Wednesday, May 25, 2011

Relief From My Story: Part One

The more I look around at the human condition, the more I am confronted by one undeniable reality. We, the people, are maniacal meaning-making machines—our lust to create meaning knows no bounds.
Especially when it comes to our lives—we simply can’t keep our hands off our story. Nor are we meant to. It is perhaps our purest universal experience—the desire to shape and examine and redirect each moment of our experience so it fits into our narrative of what SHOULD (or shouldn’t) be happening.
If you don’t believe me, just think back upon your day and start separating what actually happened (the facts) from your story about what happened (your interpretation). Go ahead. I’ll wait.
See what I mean?
When our story’s going great, and we’re living up to the heroic role we’ve purposefully created for ourselves, this feels amazing. But what about when we become victims of our own experience, victims of our own creation, of our own stories?

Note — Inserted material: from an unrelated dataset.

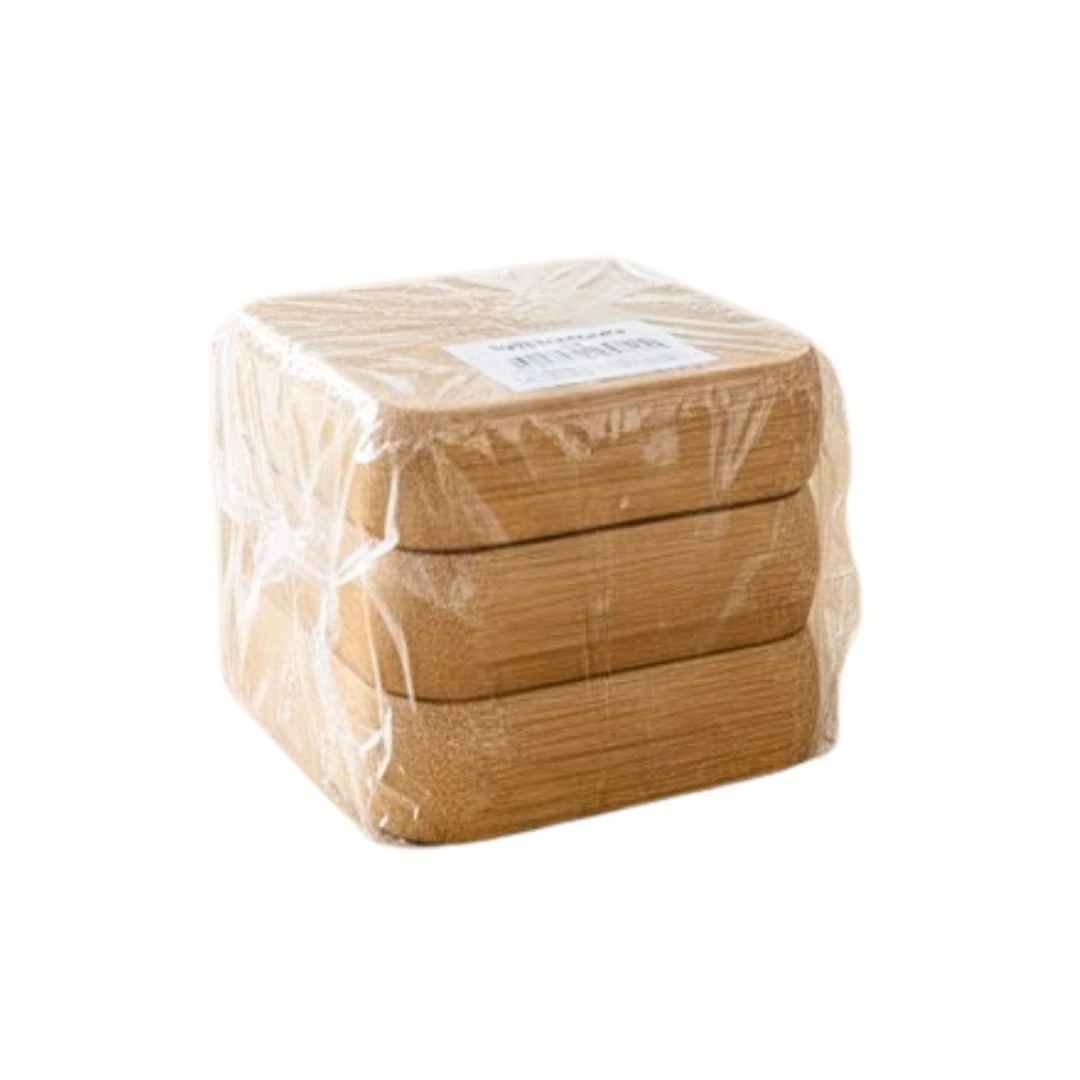 3 Parça Bambu Kare Kase Seti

There’s a wonderful example of this in the recent Disney remake of Tron. Jeff Bridges plays a man named Flynn, who has tapped into this holographic matrix alternate reality called the Grid—a dayglo Sharper Image kind of place where people have laser motorcycle duels in neat fluorescent colors. But because he cannot be in this alternate universe all the time, he creates a virtual doppelganger named Clue to run the show in his place. All is well until Clue gets some ideas of his own and challenges Flynn’s authority.
Other characters question Flynn’s decisions first to fight with Clue and then to hide from him (in a minimalistic ashram that’s somehow “Off the Grid,” but, whatever). “Isn’t he the one that created Clue as a program?” asks Flynn’s son. “Why doesn’t he just delete or redesign him? How can he be so afraid of his own creation?”
Most of us are like Flynn most of the time. We create our story, including plot, setting, and characters (just for fun, picture yourself as Central Casting Agent for your life. Do you notice any patterns in the actors who surround you and show up for auditions to be in your movie?)
Then we get creeped out by some aspect of our creation: “My job sucks, my spouse isn’t sexy, my children hate me, I never get any respect, something’s wrong with my body.” And then we get stuck in the very seductive delusion that we are powerless to re-write the program to enjoy a very different outcome—“Nope, that’s it. Even though it sucks, somehow I created it like this and this is how it’s gonna stay!”
Wise friends could be telling you that you have the power to change any aspect of this story that doesn’t please you. And if you’ve been around the metaphysical block a couple of times, your inner monologue might sound something like mine when I get in this resistant state:
“I know, but I caaaan’t. I just feel so hopeless about this and you are now annoying the CRAP out of me. I don’t care about Law of Attraction. And I am now also annoyed with God, and especially with the Universe. Please don’t talk to me about the Universe and how rich and abundant and healthy and happy it is because I really don’t care. Who cares about the Universe’s stuff? What about Me? Where’s my stuff?”
This is when I know it is time for relief from my story. The fastest way to achieve this, for me, is to unplug for a few moments. If you are currently suffering from Story Overload, this might be a good plan for you, too. We’ll talk more about this in Part 2 of this segment. Bur for now, know that all you need to do is just reach back there and unplug your brain.

Ahhhhhhh! Doesn’t that feel good? If you truly unplugged, all you’re up for, right about now, is playing with your dog, your child’s Legos, your remote control and/or the cast of Jersey Shore. You have entered the blank zone of Being and Nothingness. The perfect place to rest (and reset your programs) before you begin to create again.